Get to the Part About Ariana Grande Already!
Look at this. If you haven’t watched “Straight Up” yet, watch it after. (On certain browsers, you’ll have to click through to YouTube.)
Congratulations, you’ll now have that song cycling through your head for the next month.
Notice anything? The two music videos are incredibly similar, down to the cutting philosophy of isolating featured dancers. It’s not as if no one’s used these techniques between “Straight Up” and “Problem,” but few music videos have echoed “Straight Up” so proudly.
They’re both edited with what I think of as rhythm editing – this isn’t a term used very widely in editing – but I liken it to choreographies themselves. A rhythm choreography is something that’s based on the music. You cut to the hard beats. “Problem” is a superb example of this. From the moment Grande starts singing, nearly every cut is made to either two or four beats. As she crescendos and we approach the chorus “I got one less problem without you,” the editing reflects the increased intensity, suddenly cutting on every one or two beats. Later in the song, we’re cutting on half-beats, as well.
How exactly does this reflect rhythm choreography? In many styles – jazz, tap, and hip hop – a rhythm choreography broadly means that the choreo is based on the musicality of a piece. Its inverse is lyrical choreography, which means the choreo is based on the meaning or story of a piece. They’re not mutually exclusive, but choreographers often prioritize one over the other based on the dance they want to create. As Dance Spirit described the difference between hip hop and lyrical hip hop, “hip-hop dancers hit the beat (one, two, stop). Lyrical hip-hop dancers ride through the beat while still accenting it (one, two-ooo).”
These are broad definitions. Hip hop, jazz, tap they each have countless style permutations, but for the purposes of understanding how a music video is edited, I think rhythm and lyrical editing fit very well. Rhythm values editing to the hard beat, reflecting the pace and intensity of the music itself. Lyrical editing prioritizes the story; you edit to the timing the narrative demands.
“Problem” wants a softer tone, but it still wants to be a rhythm-edited dance video, so it can’t use the severe overexposures and underexposures Fincher uses on “Straight Up.” Such severe contrasts are a dated effect anyway, evoking a style of glamor photography that is today more closely associated with commercial style – it’s the way we shoot iPads, Big Macs, and tractors now. Glamor photography in 2014 is far more informed by fashion photography, tabloid coverage, and theatre. “Problem” does reference Fincher’s black-and-white effects in Grande’s two-tone main set and pinwheel backdrop, while evolving it in the psychedelic tunnel effect of Azalea’s solos. (The pinwheel is used as a lighting effect in Grande’s separate lyric video for “Problem.”)

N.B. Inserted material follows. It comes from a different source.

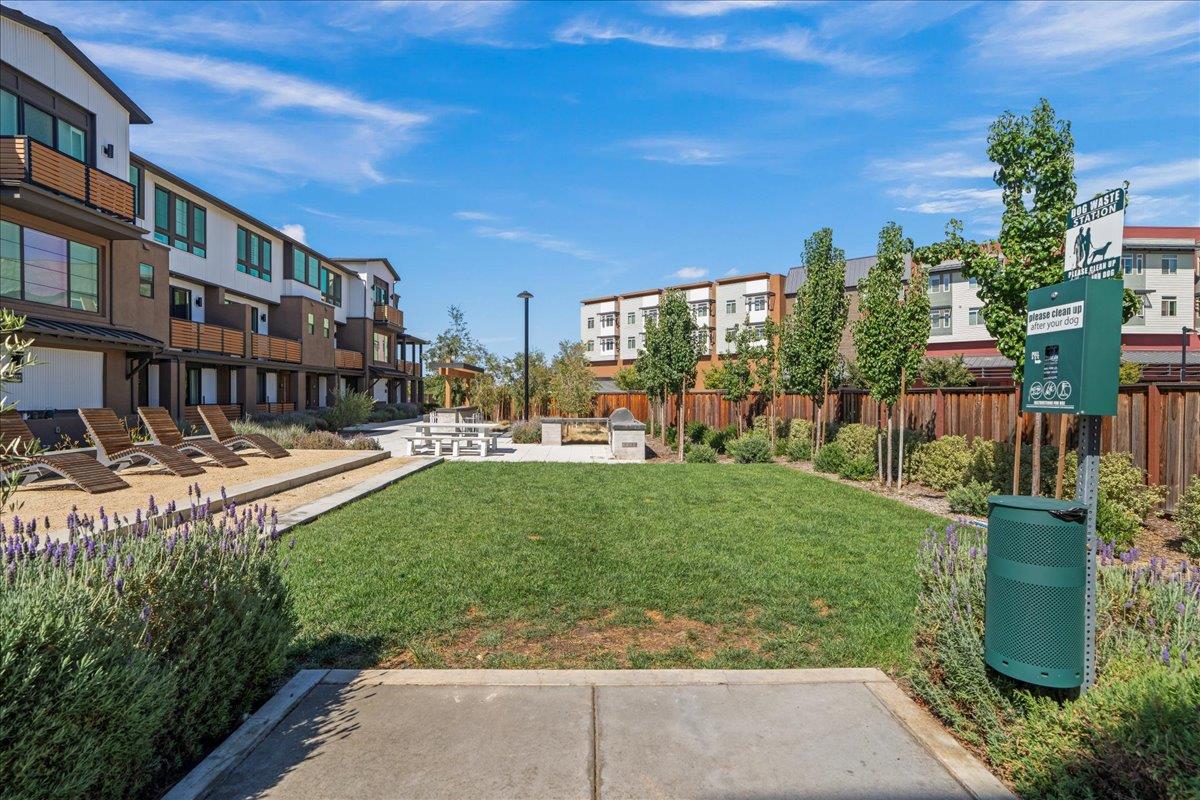 Detail Gallery Image 25 of 26 For 16293 Gellatt Ct, Los Gatos,  CA 95032 - 2 Beds | 2 Baths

Grande (who, unlike some singers, is reportedly very involved in the editing process) and director Nev Todorovic also double down on Fincher’s film scratches, most notably at the edges of frame, while updating other imperfections to the digital era – those scratches are joined by digital artifacting (when pieces of information are dropped from the image, often in the form of visual static). A few faux-signal losses, like you might see on an old-fashioned TV, mimic edits as a way of simultaneously prolonging a single shot while maintaining the quicker pace of editing – your brain registers a cut, but the shot hasn’t changed. The psychedelic effect for Azalea further echoes the digital concept of constant screen refreshes.

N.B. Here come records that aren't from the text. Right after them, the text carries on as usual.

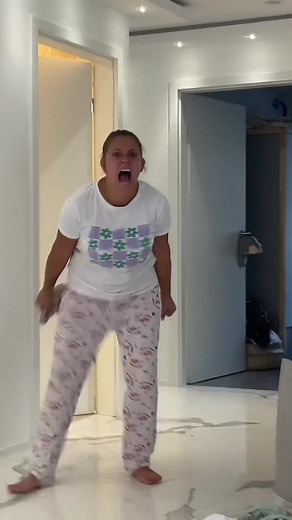 😂😂😂😂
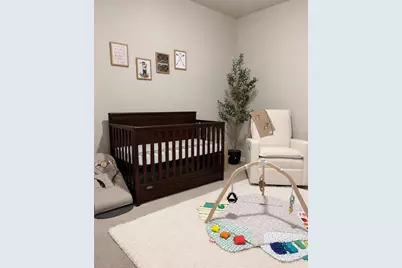 964 Legacy Winds Way, Casselberry, FL 32707 - Photo 23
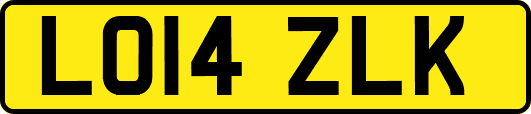 LO14ZLK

Similarly, the dance styles are updated. The tap and isolation jazz in “Straight Up” – styles that typically require professional training – are replaced with styles more closely associated with street performance, like breakdancing and flexing (also called bone breaking). Abdul’s motorcycle is updated to some fancy Vespas.
From a song standpoint, a couple of quick notes – I appreciate that the song “Problem” itself is about a woman cutting off a difficult relationship, rather than pining for one or trying to get the guy. Iggy Azalea’s line “I got 99 problems, but you won’t be one” is the conclusive rejection to Jay-Z’s infamous and oft-repeated “I got 99 problems, but a bitch ain’t one” that I’ve been waiting 10 years to hear. The saxophone loop has seen credit given to Macklemore’s use of sax in songs like “Thrift Shop.” That’s fitting, but the sax loop in “Problem” has far more in common with the baseline electric guitar riff from C&C Music Factory’s “Everybody Dance Now.”
As we understand the evolution of storytelling on film, it’s important to understand the evolution of music videos as well. It’s still the medium from which many of our future directors arise, and through which endless new editing, design, and cinematography techniques are forged.
As a viewer, “Problem” is even more enjoyable when I can recognize all the little details that come together to make it. Like “Straight Up,” it may be popular for a year before fading away, but the artistry behind it deserves better. Most will never give these music videos credit for being smart, nuanced, studied pieces of filmmaking. They’re bubble gum, and that makes it easy not to afford them their places in the history of the medium. It’s too bad. The technique behind “Problem” is masterful.